Robert was stopped flatly by the words. He looked downward, contemplating his own life. He thought of how he would want to be treated. He also thought of his mother and father and sisters. What if it was them? Forgiveness can be given, it’s okay to forgive, he thought. I can forgive.
“Okay, Willis. I forgive. We all forgive you.”
The mice truly did forgive him. All they wanted was an apology and to get Willis well on his way to recovery.
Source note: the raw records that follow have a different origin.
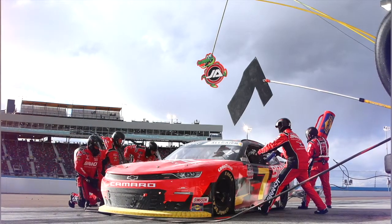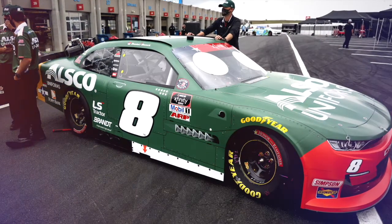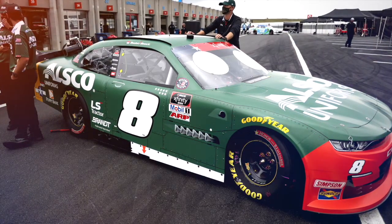Within a race you have just a couple of adjustments. You have your rear wedge bolts, which are literally pieces of all-thread that put more or less pressure on the rear springs of your car. You have a track bar adjuster which you have to manually adjust, then you have air pressures in your tires, and some very small things like grill tape, which affects front downforce as well as the heat of your motor.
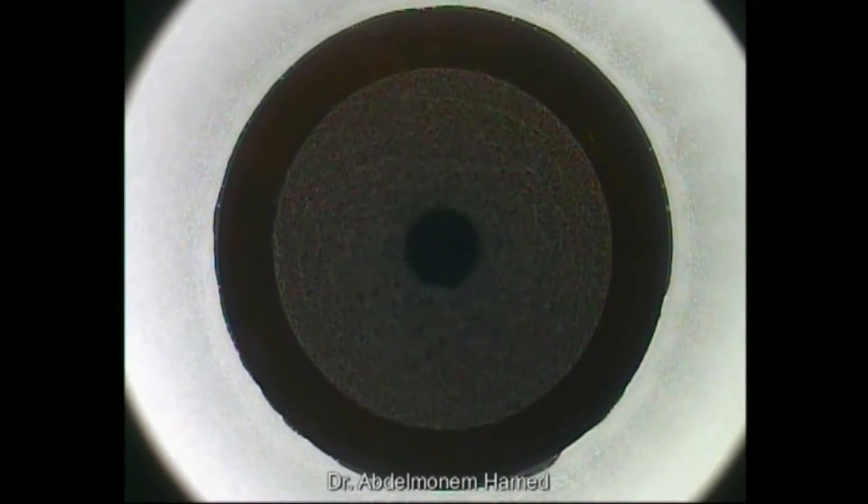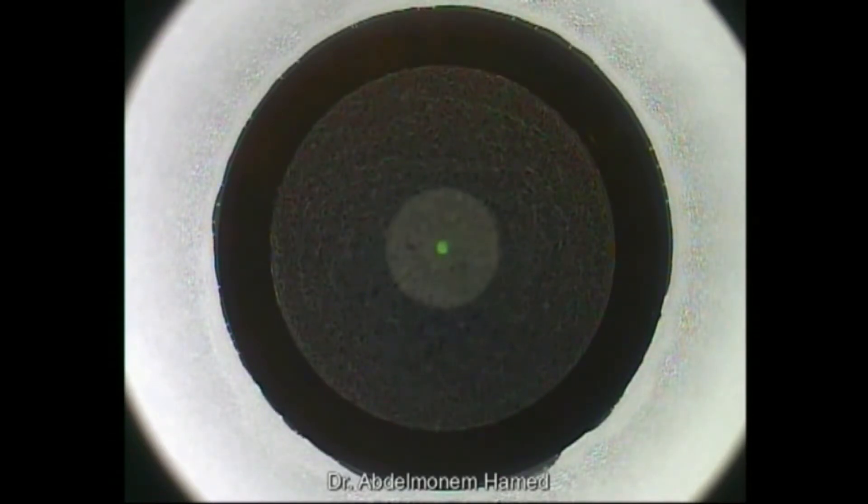Small incision lenticule extraction with dual incision. A primary entry incision of 3.0 mm has been centered at 120 degrees, and a secondary draining incision of 3.0 mm has been centered at 270 degrees, positioned at the most dependent site with gravity for better evacuation of the pocket.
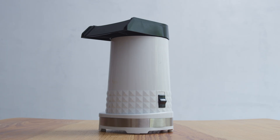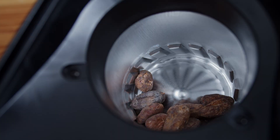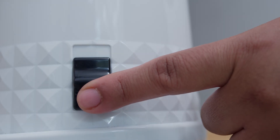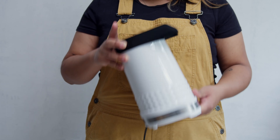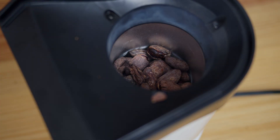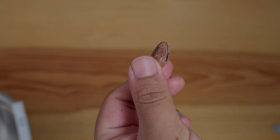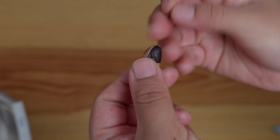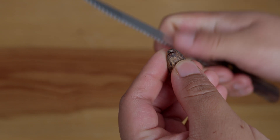Step 3: loosen the shells of the cacao beans. If electricity is available, loosen the shells by puffing the beans in a popcorn popper for a maximum of 60 seconds. Agitate the popper during this period to continuously minimize the heat exposure of the beans. Note: this introduction of heat does not roast the beans; instead, it reduces moisture for the ease of removing the shell. If electricity is not available, use a nutcracker to slightly crush the beans and loosen the shell for easier peeling. A knife can also be used to loosen the shells.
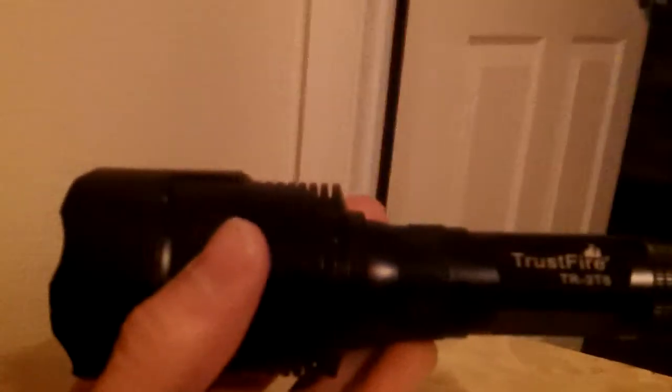It's a pretty great flashlight. I've dropped it numerous times so far. I've had this for about two or three months and you can see the nicks and whatnot — it has taken some beating.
“We will have to leave you here until you sober up. The cheese must run through your system. It will be painful, Willis. I assure you that, but if you live through it, then you are forgiven. Relapse is not an option. We have given you a second chance – us mice are very serious when it comes to cheese. Very serious.”
The mice swept out of the barn, leaving Willis to trudge through his next days of dairy fever. Willis would emerge healed and healthy and sober of cheese, and for the time being he would remain that way.
Robert and he would continue their chats under the shade of the tree in the yard. They remained friends for as long as Willis remained free of cheese.
“You’re a sheep, Willis. Bah. You’re a sheep.”